Was ist Kunst? Üblicherweise heißt es, Kunst sei nicht definierbar. Markus Gabriel legt in "Die Macht der Kunst" meines Erachtens eine überzeugende Wesensanalyse vor. Ich folge ihr in dieser knappen Skizze sehr lose. Seine Definition lautet:
Kunstwerke sind radikal autonome, notwendig interpretierte Individuen
Nehmen wir als Beispiel eine Zeichnung. (Alles, was sonst unter den Begriff Kunst fällt, gehört ebenfalls dazu – das sollte im Verlauf der Beschreibung deutlich werden.)

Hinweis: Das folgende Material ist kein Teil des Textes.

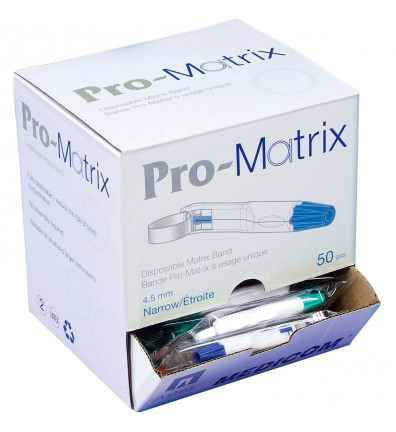 (image for) Medicom - Pro-Matrix - Single-Use Matrix Retainer - Narrow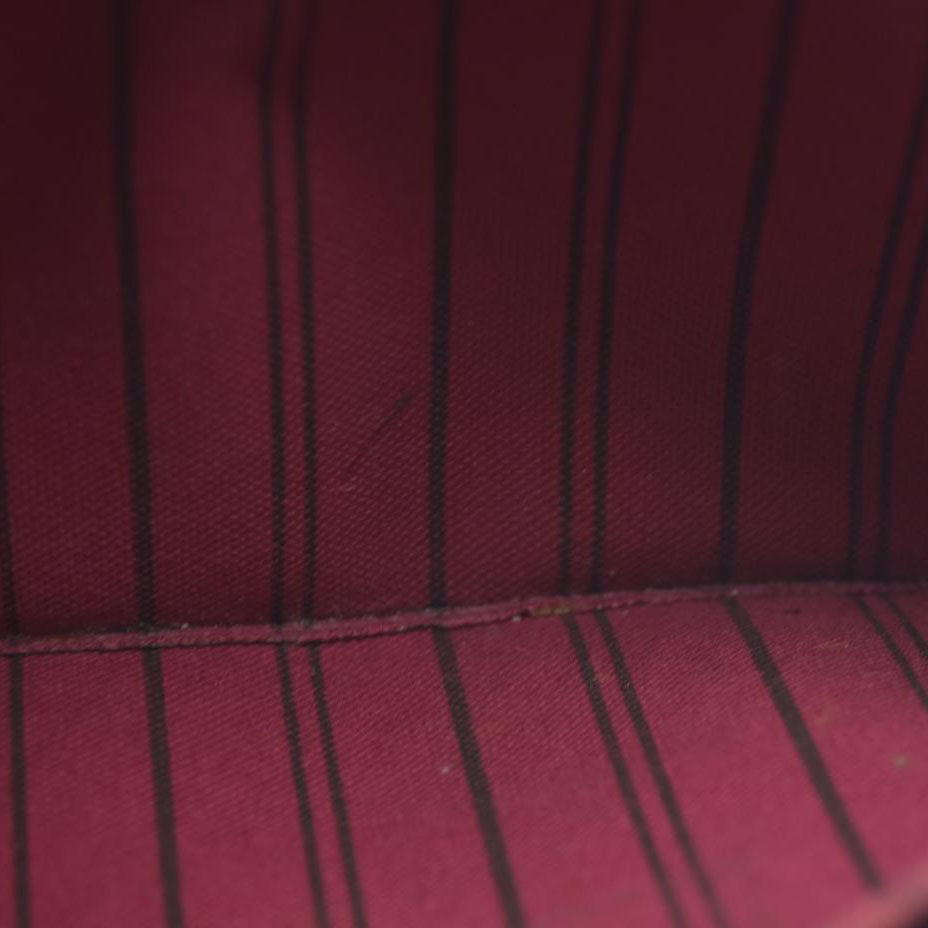 Louis Vuitton Neverfull MM Monogram with Pivoine Interior and Pouch SD1197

Ein Aspekt der Zeichnung ist das Papier mit den Pigmenten darauf. Man kann sich aber ebenso eine Bronzestatue, ein Musikstück, ein Tanztheater oder ein Konzeptkunstwerk vorstellen – stets braucht es ein solches „Etwas“. In der philosophischen Fachsprache, die sich hier leider von der Alltagssprache unterscheidet, nennt man das ein Individuum – etwas Bestimmtes, Besonderes, vereinfacht gesagt. Jedes Kunstwerk ist durch seine Komposition (Zusammenstellung) individuiert, wodurch es sich von anderen Kunstwerken unterscheidet.
Dieses Etwas – im vorliegenden Fall also das Papier mit der Farbe – ist jedoch keineswegs schon für sich allein das Kunstwerk. Es ist entscheidend, diesen Punkt zu sehen.
Weitere Aspekte kommen hinzu. Wichtig ist: Das Kunstwerk setzt sich selbst die „Regel“. (Nicht etwa der Künstler! Inwiefern das überhaupt möglich ist, wird hoffentlich im nächsten Punkt deutlich.) Dies ist die berühmte Autonomie der Kunst. Gabriel spricht von der radikalen Autonomie, um sie von der Autonomie im ethischen oder sittlichen Sinne abzugrenzen. Das ist jedoch ein begriffliches Detail, das wir hier nicht weiter vertiefen müssen.
Ein weiterer Aspekt ist die „Aufführung“. Um sich vorzustellen, was damit gemeint ist, kann man die Zeichnung probehalber als eine Art Notation wie in der Musik betrachten. Der Betrachter bzw. die Betrachterin muss diese Notation gewissermaßen auf der inneren Bühne zur Aufführung bringen. Einiges davon geschieht automatisch, anderes verlangt bewusste Anstrengung oder Vorstellungskraft. (Gabriel spricht daher auch von einer Interpretation – in Anlehnung an den Musikbegriff. Was man im Alltag unter Interpretation versteht, nennt Gabriel dagegen Deutung.)
Wichtig ist zu erkennen: Diese „Rezeption“ oder „Betrachtung“ – eigentlich also Aufführung bzw. Interpretation – steht dem Kunstwerk nicht einfach gegenüber, sondern ist ein konstitutiver Teil des Kunstwerks selbst. Wir sind gewissermaßen immer mit im Bilde, und das Bild ist nicht ohne uns. (Die Betrachtung eines Kunstwerks ist also ontologisch etwas ganz anderes als die Betrachtung eines Baumes.)
Wichtig: Der Text ist vorläufig, ich plane noch ihn zu präzisieren.